新城彰の本棚

ミステリー好きの自分勝手なコメント

流氷の海で死にたい

 1987年発表の本書は、トラベルミステリー作家として名高い西村京太郎中期の作品。昨年「華麗なる誘拐」「D機関情報」と初期の作品を紹介してきた。1作ごとに大掛かりな仕掛けをした作品群で、ミステリーという枠を大きく広げたものと捉えている。それに比べてトラベルミステリーが中心となった中期以降は、安心して読めるものの上記の「仕掛け」は影を潜めた。

 

 見栄えはいいがカネにだらしない恋人吉岡にだまされ、両親の遺産をはたいても返しきれない6,000万円の借金を背負ってしまったOLの風見ゆう子。吉岡は別の女と行方をくらまし、絶望した彼女は「北の国で死にたい」と連絡船で函館に着いた。

 

 そんな「北斗1号」車中の彼女に近づいた男は、彼女が自殺志願であることを見抜いたうえで、100万円を手渡し「これから札幌、旭川、網走と3日間付き合ってほしい」という。その夜は定山渓温泉、次の夜は層雲峡温泉で宿泊。食事を共にし、宴会も一緒したものの、男はそれ以上のことはしなかった。

 

        

 

 層雲峡温泉に男を残したまま、彼女は網走に向かい流氷の海に身を投げたのだが、警官に助け上げられてしまう。しかも警官は「殺人容疑で逮捕する」と言った。実は定山渓温泉でも、旭川に向かう「ライラック13号」車内でも、男が殺されていて容疑が彼女にかかっていたのだ。見知らぬ男がくれた100万円は、まだ80万円ほど残っていて、それは男たちを殺して奪ったものと警察は見ていた。

 

 羽島裕と名乗った「見知らぬ男」は直ぐに見つかったのだが、彼女の証言を否定する。始めて会ったのは「ライラック13号」の中、100万円を渡した覚えはないと・・・。状況証拠はそろっているのに頑強に犯行を否定するゆう子、被害者らが東京の人物だったことから捜査協力をすることになった十津川警部・亀井刑事のチームは、吉岡なる男の死体に遭遇する。

 

 死を覚悟したゆう子の心情や、流氷の風景など、解説は「事件ではなく人間に視点をあてた傑作」と評している。

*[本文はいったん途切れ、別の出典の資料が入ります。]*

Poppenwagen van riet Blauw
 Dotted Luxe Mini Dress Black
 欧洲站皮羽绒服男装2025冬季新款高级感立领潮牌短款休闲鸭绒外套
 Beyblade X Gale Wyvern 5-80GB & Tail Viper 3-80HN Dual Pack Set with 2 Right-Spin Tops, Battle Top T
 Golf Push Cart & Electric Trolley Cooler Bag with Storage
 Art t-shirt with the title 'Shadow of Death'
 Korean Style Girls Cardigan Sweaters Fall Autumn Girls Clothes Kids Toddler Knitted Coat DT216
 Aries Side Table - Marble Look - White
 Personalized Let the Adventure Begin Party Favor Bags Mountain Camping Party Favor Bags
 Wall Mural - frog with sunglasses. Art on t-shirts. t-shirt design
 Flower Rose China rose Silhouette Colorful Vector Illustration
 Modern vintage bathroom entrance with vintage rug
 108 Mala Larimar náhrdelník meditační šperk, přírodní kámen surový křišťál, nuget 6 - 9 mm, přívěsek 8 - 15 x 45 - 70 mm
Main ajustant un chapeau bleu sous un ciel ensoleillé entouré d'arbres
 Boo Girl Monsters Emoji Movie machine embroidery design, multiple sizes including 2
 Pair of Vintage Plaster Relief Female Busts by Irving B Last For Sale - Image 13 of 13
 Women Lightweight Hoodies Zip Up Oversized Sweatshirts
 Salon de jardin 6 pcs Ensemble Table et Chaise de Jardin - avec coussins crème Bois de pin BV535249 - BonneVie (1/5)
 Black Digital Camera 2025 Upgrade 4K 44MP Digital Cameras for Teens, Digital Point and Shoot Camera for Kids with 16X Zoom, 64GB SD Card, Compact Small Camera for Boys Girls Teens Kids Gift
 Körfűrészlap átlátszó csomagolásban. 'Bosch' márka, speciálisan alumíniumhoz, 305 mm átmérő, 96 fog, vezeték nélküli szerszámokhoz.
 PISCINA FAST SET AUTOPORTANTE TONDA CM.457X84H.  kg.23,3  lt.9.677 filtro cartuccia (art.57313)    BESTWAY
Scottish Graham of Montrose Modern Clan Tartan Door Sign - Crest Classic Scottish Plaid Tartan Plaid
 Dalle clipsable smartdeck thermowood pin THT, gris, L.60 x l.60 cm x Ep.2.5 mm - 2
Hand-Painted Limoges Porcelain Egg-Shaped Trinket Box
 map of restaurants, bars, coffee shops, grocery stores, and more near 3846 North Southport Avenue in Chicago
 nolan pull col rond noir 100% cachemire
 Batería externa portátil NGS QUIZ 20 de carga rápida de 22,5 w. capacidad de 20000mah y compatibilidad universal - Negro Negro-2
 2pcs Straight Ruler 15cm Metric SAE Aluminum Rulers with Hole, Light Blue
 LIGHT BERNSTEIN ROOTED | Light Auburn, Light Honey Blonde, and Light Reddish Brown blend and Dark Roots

ただ僕はどうしても「書き流し」の印象を持ってしまう。ゆう子と羽島なる人物の不思議な「旅行」について、ゆう子の言うことを信じるなら羽島が嘘をついていることになる。ではそれは何故、という謎を書きながら解決していったと思われるからだ。

 

 多分2時間ドラマにもなったのでしょう。初期の作品に比べると、通俗的と見ざるを得ないですね。